En dat is eng, want die monolitische vreemdheid tegenover ons, zoals Han het noemt, is ook bedreigend. Dus natuurlijk willen we de angst bezweren, ons veilig voelen, de dood is tienduizenden jaren heel dichtbij geweest, ik noem maar wat, gedurende de renaissance was de gemiddelde leeftijd waarop mensen stierven 18 jaar, daar willen we niet naar terug. En natuurlijk wil iedereen ook zo lang mogelijk leven, liefst in goede gezondheid. Maar om dat leven glans te geven, het te laten bruisen, het niet on-dood te laten zijn, is het juist nodig om het ongemak en de angst en de frictie te laten bestaan.
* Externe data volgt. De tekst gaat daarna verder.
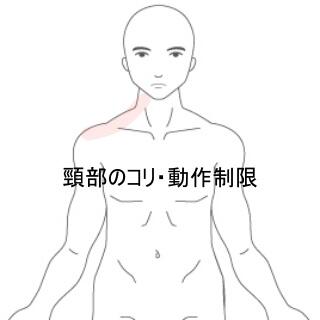 頸部のコリ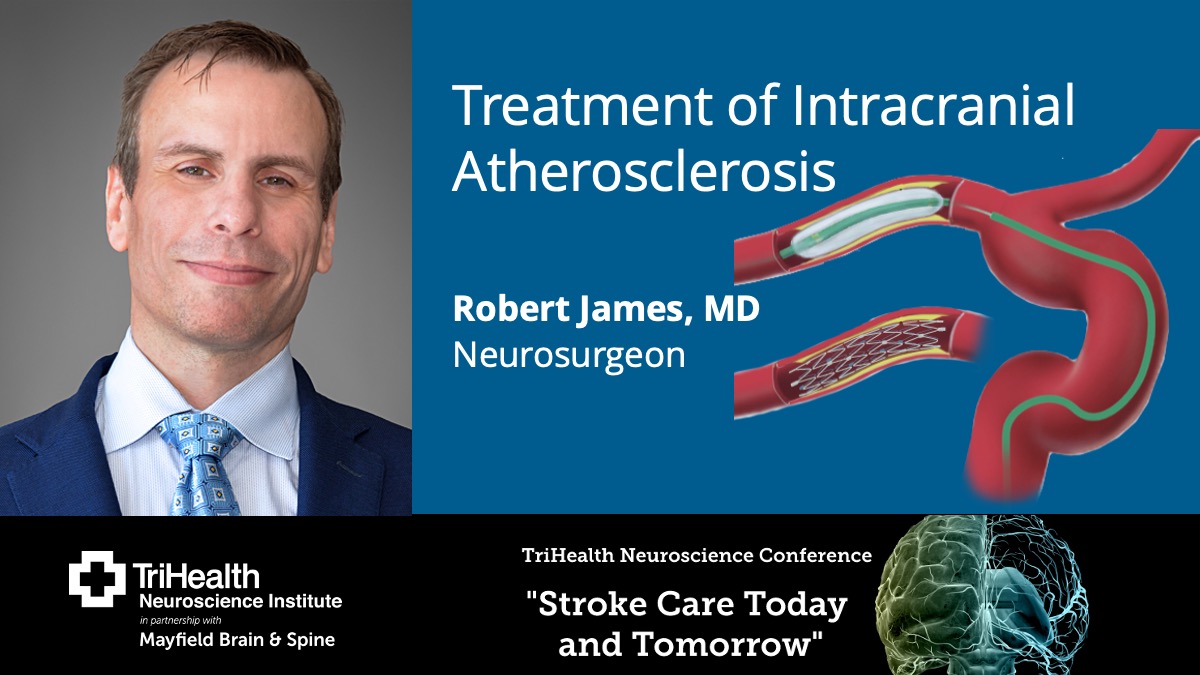 Neurosurgeon Dr. Robert James will give medical personnel an inside look into the next generation of #strokecare. His presentation is part of the @TriHealth Neuroscience Conference on May 2. Health care providers, register here. bit.ly/TH_Neuroscience #stroke #Neurosurgery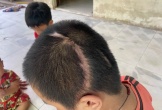 Vụ học sinh lớp 3 bị xe tông tổn thương 90%: Tòa án mời các bên liên quan làm việc lần hai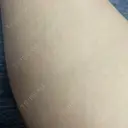 医療脱毛（脚） / その他（口元） リナクリニック AFTER サムネイル用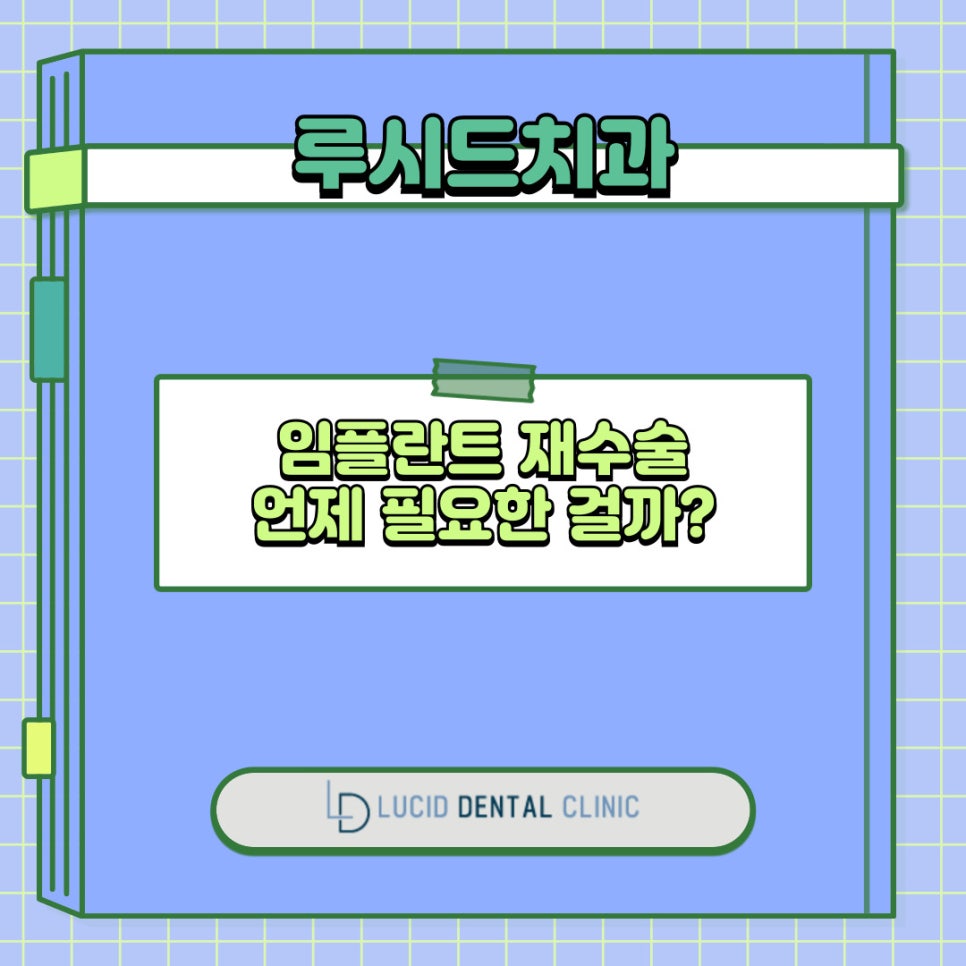 임플란트 재수술, 언제 필요한 걸까요? 원인부터 예방법까지 논현동 치과 가 알려드리겠습니다! 관련 이미지 4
Er moet meer ruimte voor het vreemde komen. Meer wilde, ongetemde, oncontroleerbare, onveilige natuur, dat sowieso. Maar dat gaat nog wel even duren. Op persoonlijk, medemenselijk niveau daarentegen is de beste manier om dat vreemde te verwelkomen eigenlijk heel simpel: laat de ander een ander zijn.
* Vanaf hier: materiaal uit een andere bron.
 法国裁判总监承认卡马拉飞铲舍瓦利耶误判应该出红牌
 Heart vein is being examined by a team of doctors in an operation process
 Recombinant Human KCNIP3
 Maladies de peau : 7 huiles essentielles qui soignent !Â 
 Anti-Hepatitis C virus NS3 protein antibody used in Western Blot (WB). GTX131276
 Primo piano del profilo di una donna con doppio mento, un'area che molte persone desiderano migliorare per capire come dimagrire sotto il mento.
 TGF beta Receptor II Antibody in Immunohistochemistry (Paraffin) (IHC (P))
Ga er niet vanuit dat we diep van binnen allemaal hetzelfde zijn, zoals zo vaak wordt gesteld. Of dat liefde en verlies en rouw voor ons allemaal hetzelfde voelen. Want, zo weet ik sinds kort uit eigen ervaring, om maar wat te noemen: het verdriet van een moeder die haar kind verliest is onvergelijkbaar met het verdriet van een andere ouder die hetzelfde overkwam. Die Surinaamse begrafenis waar ik het eerder over had, was namelijk voor de zestienjarige zoon van mijn beste vriendin: het was zijn ziel die we naar zijn laatste rustplaats brachten. In de maanden daarna las mijn beste vriendin elke roman en elke memoir over het verlies van een dierbare dat ze maar kon vinden, ze las Tonio, ze las Rauw, en ze herkende zich helemaal nergens in.
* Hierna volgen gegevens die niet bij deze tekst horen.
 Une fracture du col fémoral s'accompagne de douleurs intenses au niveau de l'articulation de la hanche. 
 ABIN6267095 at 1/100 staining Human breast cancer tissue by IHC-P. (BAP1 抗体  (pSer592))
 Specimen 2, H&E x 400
Elke ervaring is subjectief en onreproduceerbaar, elke band uniek. Er zijn dingen die je nooit zult begrijpen, tot ze je overkomen, en dan nog zul je ze anders beleven dan een lotgenoot. Want mijn hoofd is beperkt en hoezeer ik ook mijn best doe, uiteindelijk is wat ik denk te herkennen in een ander toch vooral mezelf. En juist van dat zelf moeten we loskomen.
Laat de zee dus de zee zijn, de vleermuis de vleermuis, de aap de aap, laat het vreemde vreemd en de Ander anders zijn. Je hoeft het niet te begrijpen, niet te doorgronden, om het laten bestaan. En misschien dat we zo, door zelf al die kleine beetjes vreemdheid te accepteren uiteindelijk dan ook weer die Ultieme Ander, de dood, terug het leven in kunnen verwelkomen. Want, zoals bekend, ze horen bij elkaar.